- Assigned task
Reproduce exactly the line with "ショート パーマ メンズ ツイスパ/メンズ特化 🦋𝑺𝑶𝑵𝑬の眉毛・アイブロウイメージ" and every line that follows it below, up to and including the last one. Do not include pictures or anything else.

- Given material

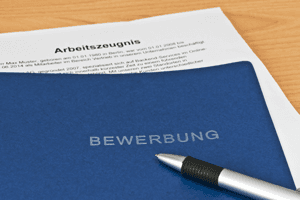 Ein gutes Arbeitszeugnis nach einem erfolgreichen Praktikum hilft Ihnen, sich potentiellen Arbeitgebern von Ihrer besten Seite zu präsentieren.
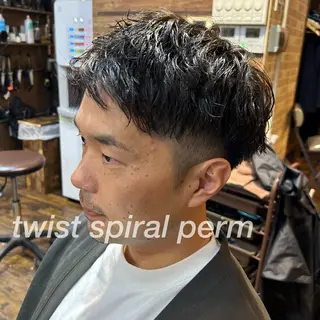 ショート パーマ メンズ ツイスパ/メンズ特化 🦋𝑺𝑶𝑵𝑬の眉毛・アイブロウイメージ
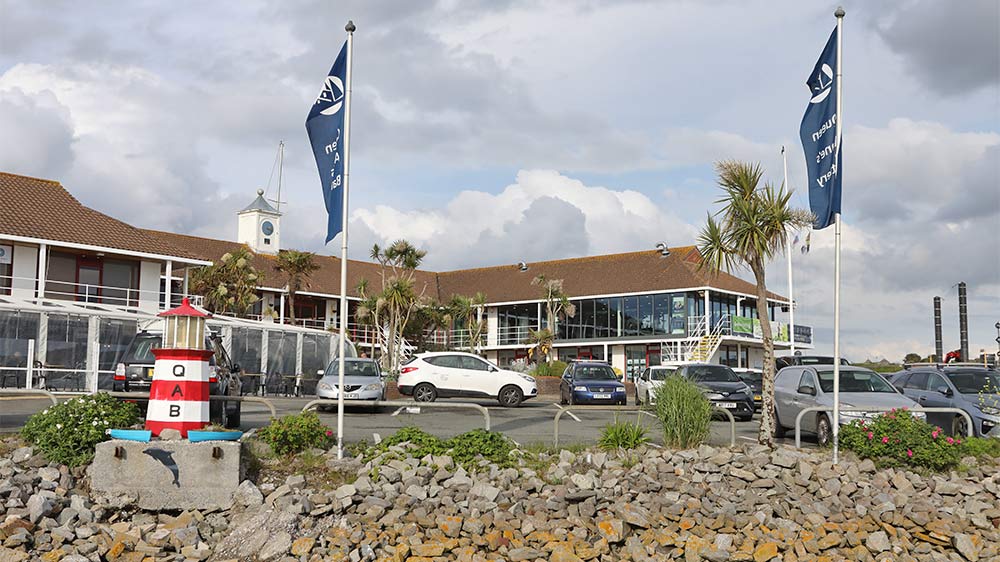 blauwasser_marina_england_plymouth_clubgebaeude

- Result for this exercise
 ショート パーマ メンズ ツイスパ/メンズ特化 🦋𝑺𝑶𝑵𝑬の眉毛・アイブロウイメージ
 blauwasser_marina_england_plymouth_clubgebaeude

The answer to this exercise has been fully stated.